DN: Electronic paper is a major innovation in materials. I think a lot of the great excitement is around innovations in materials. For the first time, we can actually start constructing materials to fit a need. In the really old days, it used to be that materials were only what was naturally available - metals, fabrics. But today, we can synthetically construct materials that have whatever properties needed. We need something that's lightweight and strong but conducts electricity - fine, we'll produce it. We need something that's an insulator, fine. Wire and electronics that also act as a display device. Ok. One of the great changes that is going to come about in our lives is a result of 3-D printing where you can design or buy someone's design and print it - first at a corner print shop, and eventually in your own home. You have an extra guest and you ran out of silverware or plates, well, just print them up.
DN: Really. If you don’t like your lamp, go online and find plans of a lamp you do like and print it. And these require very novel materials. Materials that can be deposited layer after layer but have exactly the right requisite properties. The first 3-D printers were really crude. Today they come with multiple colors and wonderful finishes. I’ve seen people print working parts that they can put right into a mechanism and it functions right away. The material revolution is really wonderful and exciting. We’re going to be able to do things we could have never dreamed of. The real excitement comes from a coupling of new materials, embedded microprocessors, powerful sensors, and actuators—things that move. You couple them all together, because they require one another.
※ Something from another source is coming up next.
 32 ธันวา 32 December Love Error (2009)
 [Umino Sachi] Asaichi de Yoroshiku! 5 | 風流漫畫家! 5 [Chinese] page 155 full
Good sensors and actuators require some processing, but they need to be embedded within new materials that have the strength, flexibility, transparency, electrical conductivity, and display qualities to make this possible.
Matter: Is this the result of design being a much more cross-disciplinary activity than it used to be?
DN: There are two parts to this: It’s possible because the technologists in industrial research labs and universities have invented all these wonderful things, and because practical inventors, engineers, have figured out how to put them together. Designers are actually last in the chain. They figure out how to make it into something that’s useful for society. A lot of the major inventions come about from creative people, not designers. It could come from anybody, creative people who want to do it because they can do it. And the result they have is often very promising but would never make it as a real product. The designer’s job is to figure out what’s promising and what’s real and what fits people’s needs and transform it into a viable product. The original idea seldom comes from the designer.
Matter: Was there backlash for saying just this in a paper last year?
DN: Yes! My Core 77 papers are deliberately meant to be provocative. Well, I’ve been making similar claims but it wasn’t until I published it in Core 77—that’s the audience that’s been most responsive. It’s really interesting the number of people who agreed with me. I don’t consider this a negative by the way. I consider it realism. I don’t think I’m trying to criticize designers, I’m saying let’s step back a bit and think about how these things really happen. If you actually look at a large number of magical innovations, it’s by accident—but it’s by someone who recognized that the accident was informative. There’s an old saying, “Chance favors the prepared mind.” That’s something I believe in. I’m curious about everything.